The Animals Film is a feature documentary film about the use of animals by human beings, directed by Victor Schonfeld and Myriam Alaux, and narrated by actress Julie Christie. The film was first released in 1981.

The Animals Film presents a survey of the uses of animals in factory farming, as pets, for entertainment, in scientific and military research, hunting, etc. The film also profiles the international animal rights movement. The film incorporates secret government footage, cartoons, newsreels and excerpts from propaganda films.

The Animals Film was distributed in cinemas in Britain, Australia, Germany, Austria, Canada and the United States, and was broadcast on numerous television networks. The British network, Channel Four, transmitted the film during the Channel's third night on air in November 1982. It generated front page news in Britain at the time because Channel 4 broadcast a two-hour version of the film shorn of seven minutes of its concluding sequence. The original 136 minute film released in cinemas had been approved with no cuts by the British Board of Film Censors, but the Independent Broadcasting Authority instructed Channel 4 that certain scenes in the film could 'incite crime or lead to civil disorder.' Jonathan Porritt and David Winner write that, with over one million viewers, the screening is regarded as "an important moment in the growth of public awareness of animal exploitation." Channel Four screened it again during its Banned series in 1991.

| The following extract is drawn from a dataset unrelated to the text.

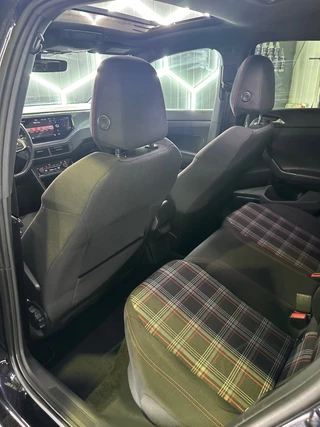 Volkswagen Polo Volkswagen Polo 2.0 GTI Virtual KW-SchroefsetPano Dsg beats dcc navi keyless - afbeelding nr 14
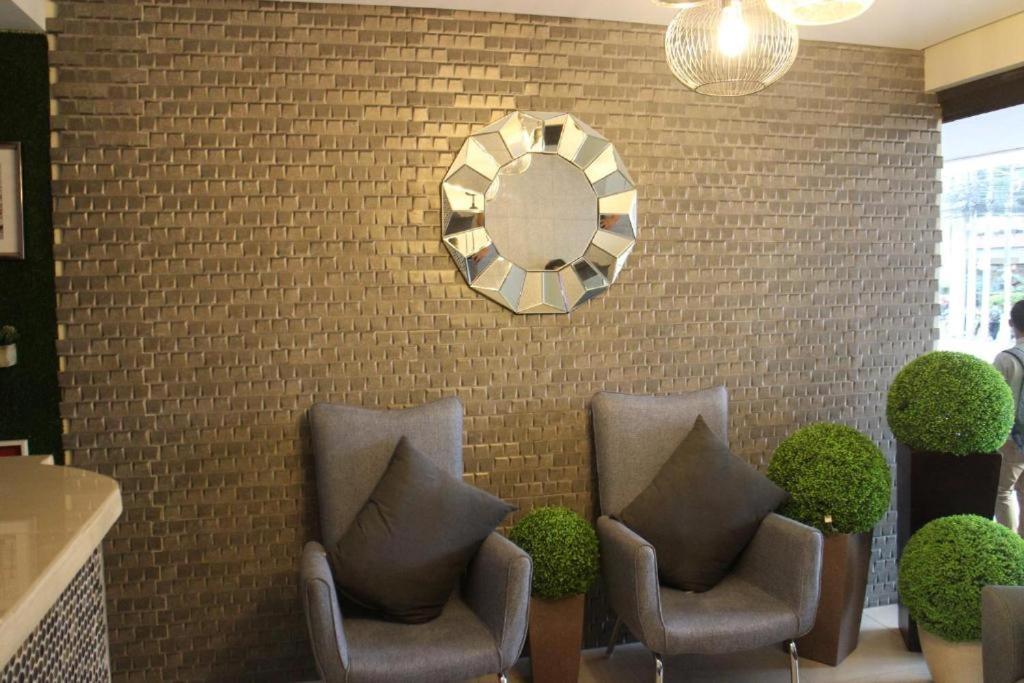 Urban Hostel Pasig City Bagian luar foto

Alan Brien, film critic of the UK Sunday Times, wrote of the film: "The most impressive film maudit, possibly too hot to handle... stuffed with footage never before shown, and a wealth of newly-shot material often taken undercover, which documents... mankind's degradation, exploitation, and often pointless torture, of the creatures who share our planet. ...Proves, beyond contradiction, that this behaviour is not just random or personal but part of our organised society, with drug companies, government departments, scientists, military authorities, factory farmers, university research laboratories, for their own selfish ends, for profit in money or prestige. I do not know when I have come out of a screening so moved by the power of the cinema as a medium to transform the entire sensibility of an audience."